Freely accessible online courses can help changemakers fill their skill gaps

Interview with Amy Ahearn (+Acumen) by Susann Tischendorf
Capacity building
Gender
Inclusive business models and strategy
Last mile distribution
Global
30. Apr 2019

+Acumen is an initiative of Acumen directed at a global learning community that seeks to drive social change and entrepreneurship. Through free online curses, +Acumen nurtures talent for inclusive business, pursuing a human-centred approach and building unconventional partnerships.


Hi Amy, we are so grateful to have you. Can you introduce the work of +Acumen? Why was it founded and what is your specific area of work there?

+Acumen is what we call the world's school for social change. It was started a bit over five years ago by Jo-Ann Tan, who recognised that changemakers could come from anywhere in the world. We wanted to equip everyone with the skills and tools to become more active and effective at creating social change. Acumen itself is a non-profit, impact investing fund. So, we had lots of lessons from years of investing in social enterprises around the world about what worked and what didn't work when it came to building inclusive business models.

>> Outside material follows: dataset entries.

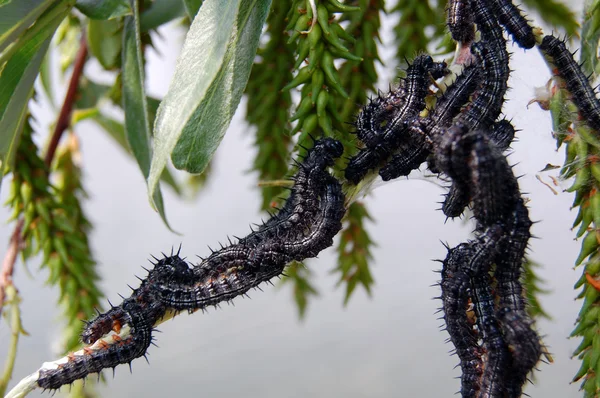 Чёрные гусеницы — стоковое фото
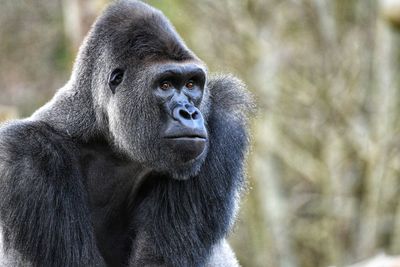 Gorilla portrait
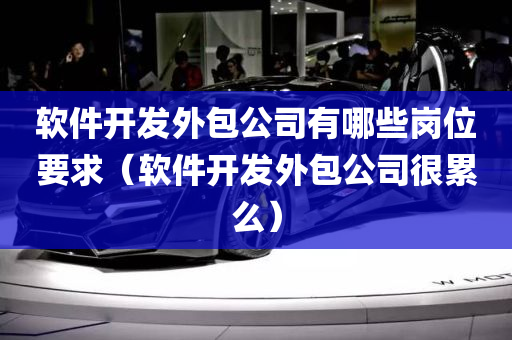 软件开发外包公司有哪些岗位要求（软件开发外包公司很累么）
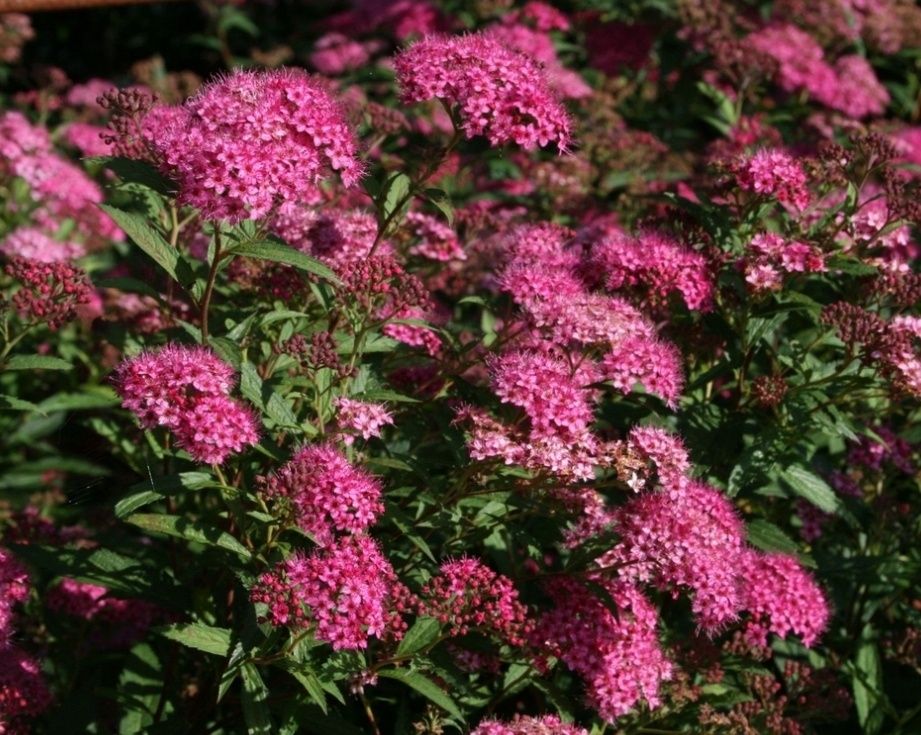 Spirea Bumalda Spirea Bumalda roșie (floare mov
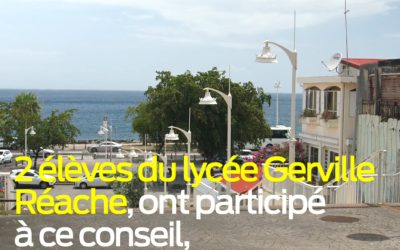 Simulation conseil de l&rsquo;Europe par des lycéens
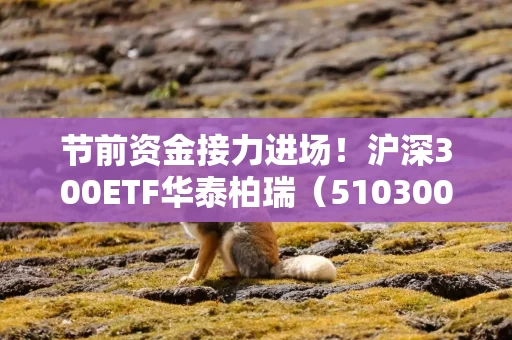 节前资金接力进场！沪深300ETF华泰柏瑞（510300）、A500ETF华泰柏瑞（563360）连续2个交易日转为资金净流入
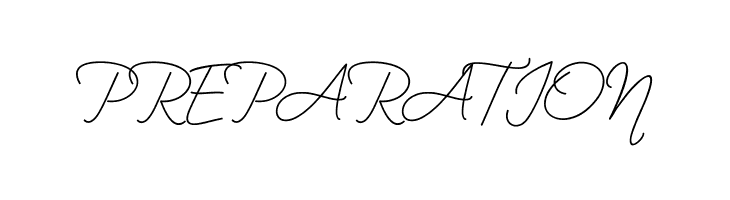 BekafonteScript  Free Fonts Download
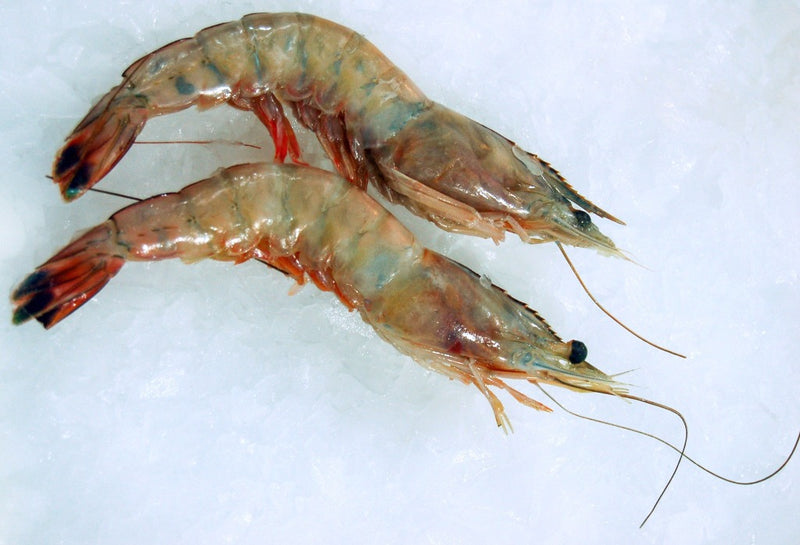 head on gulf shrimp on ice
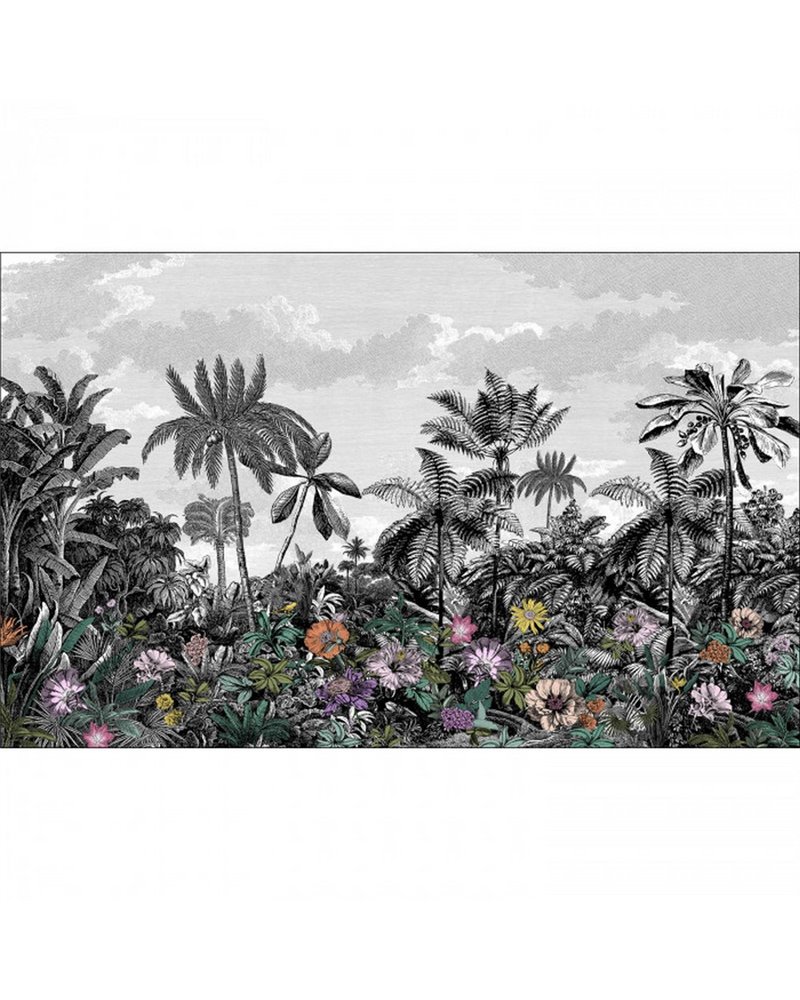 Paradise Island Noir M 104619914 Paradise Island Noir M 104619914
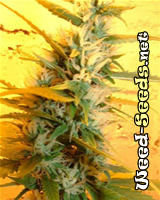 Citral Cannabis Seeds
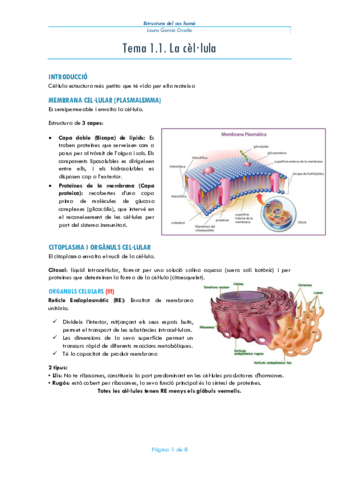 Resum-Tema-1-La-cellula.pdf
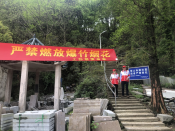 文明祭祖，森林防火活动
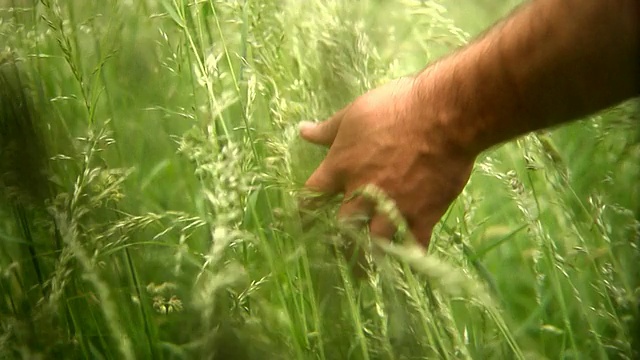 男人的手在草地01高清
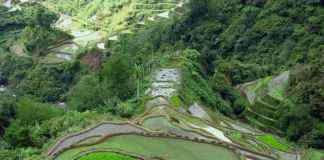 God’s Own Creation: Banaue Rice Terraces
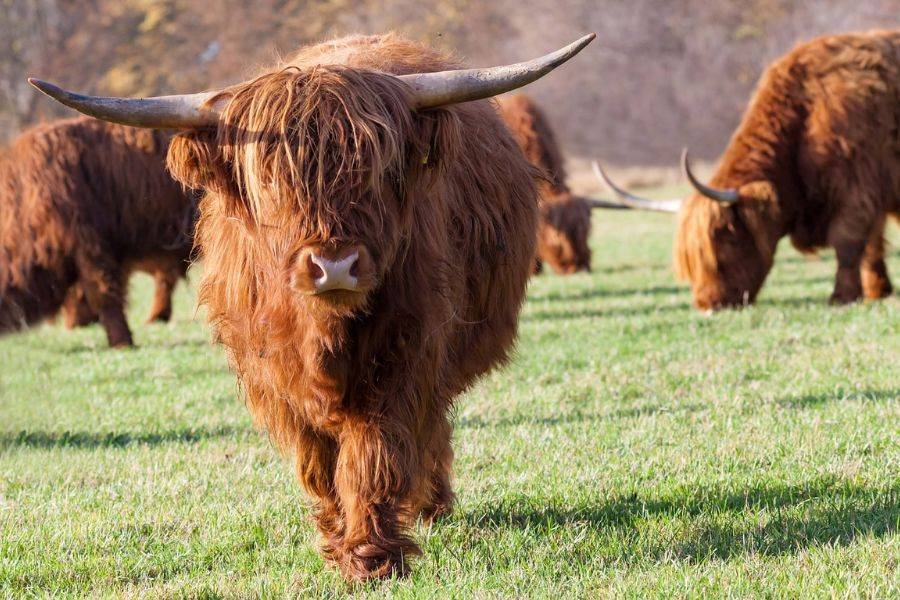 Eine schottische Hochlandkuh mit langem, zotteligem Fell und imposanten Hörnern steht auf einer grünen Wiese. Ihr dichtes, rostbraunes Fell fällt ihr über die Augen, während im Hintergrund weitere Kühe friedlich grasen. 
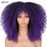 Short Hair Afro Kinky Curly Wig - bankshayes40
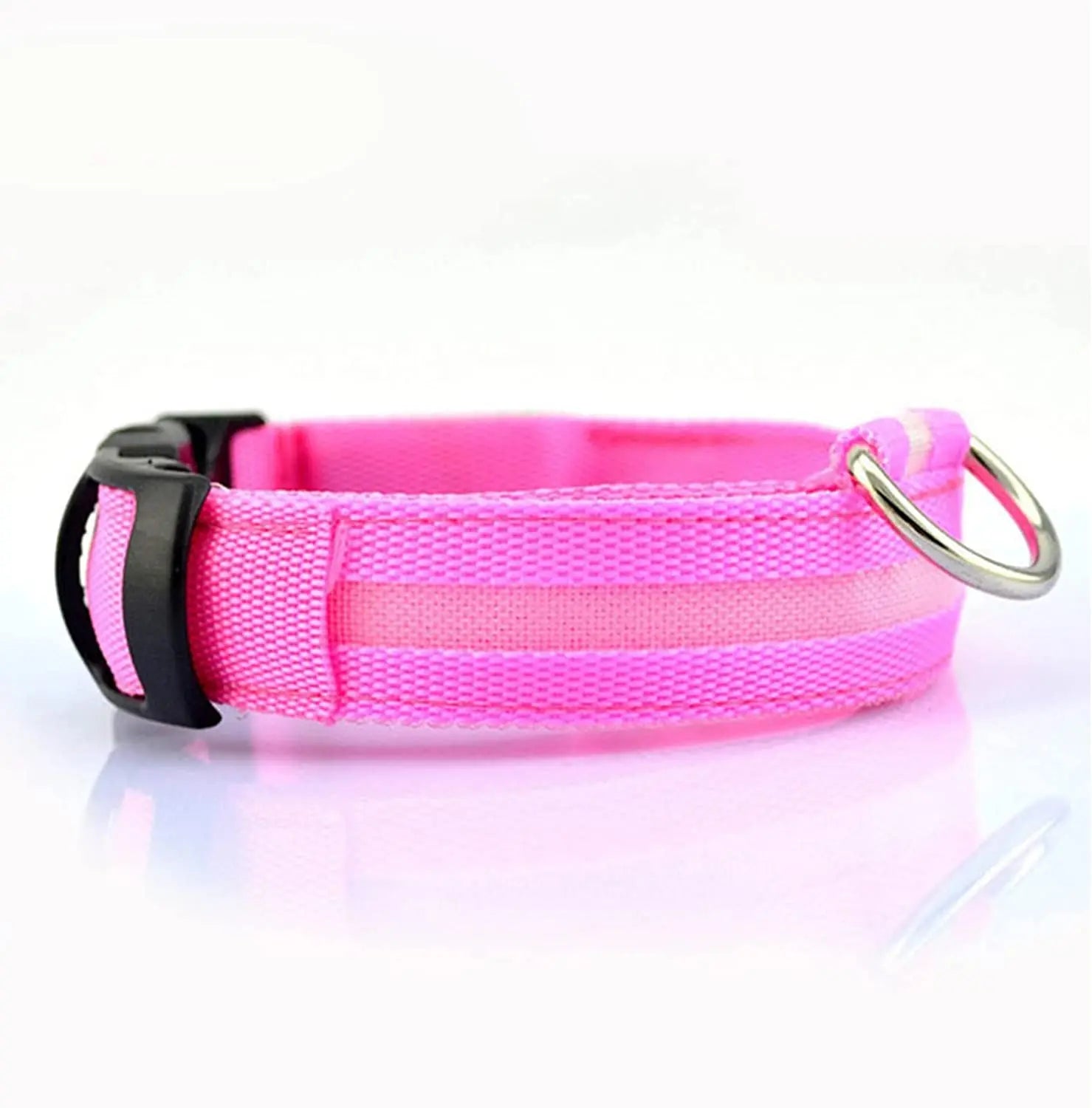 Safety Dog LED Collar.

We wanted to share some of those lessons and insights with others, and leverage insights from partner organizations or other practitioners that we admired in order to make those lessons accessible. This was right around the time when online courses were becoming very popular, so we experimented with building a very basic course, which got a lot of registrations and traction. Today, we have more than 40 online courses on topics ranging from human-centred design to business models for social enterprises to lean data approaches to social impact measurement. Over 450,000 people from across the world have taken these courses.

In addition, we have started in-person fellowship and accelerator programmes to bring some of these lessons to social entrepreneurs and changemakers.

Are there certain gaps in skills and training that you feel entrepreneurs most need to fill so that they can successfully run and scale their inclusive businesses?

Yes. Two of the major themes that cut across our courses and curriculum are a human-centred approach to business and a systems lens.

We have courses that help people understand the human-centred dimensions of the problems they are trying to solve, which requires them to get out and talk to real customers and real people who are affected by the problems or the issue areas they are addressing.

Simultaneously, we also recognise that some of the complex social challenges people are tackling are systemic, which require people to have the skills to build new kinds of partnerships as they build their business models. Therefore, to truly move the needle on some of these issues will require working at that systems level, as well.

As a compliment to these two mindsets, a lot of social changemakers want to develop their hard skills, such as fundraising, financial modelling, unit economics and pitching. We offer courses to help people who are very passionate about social impact and social change understand the numbers behind scaling these kinds of business models.

Is there a certain personality type that is particularly successful at running an inclusive business? Or, do you think that it doesn't matter in the end at all, as long as people have the knowledge in those areas that you just described?

That's a great question. One of the exciting things about running online courses that are freely available is that people all over the world show up and are quite dedicated to doing the work. And so, the course itself becomes a filtering mechanism to finding some of the most promising entrepreneurs. We have had course-takers come from places as diverse as Sierra Leone and Pakistan and inner city Baltimore in the United States, so we really don't see that there is any age limit or any specific kind of demographic profile that predicts who might be most successful.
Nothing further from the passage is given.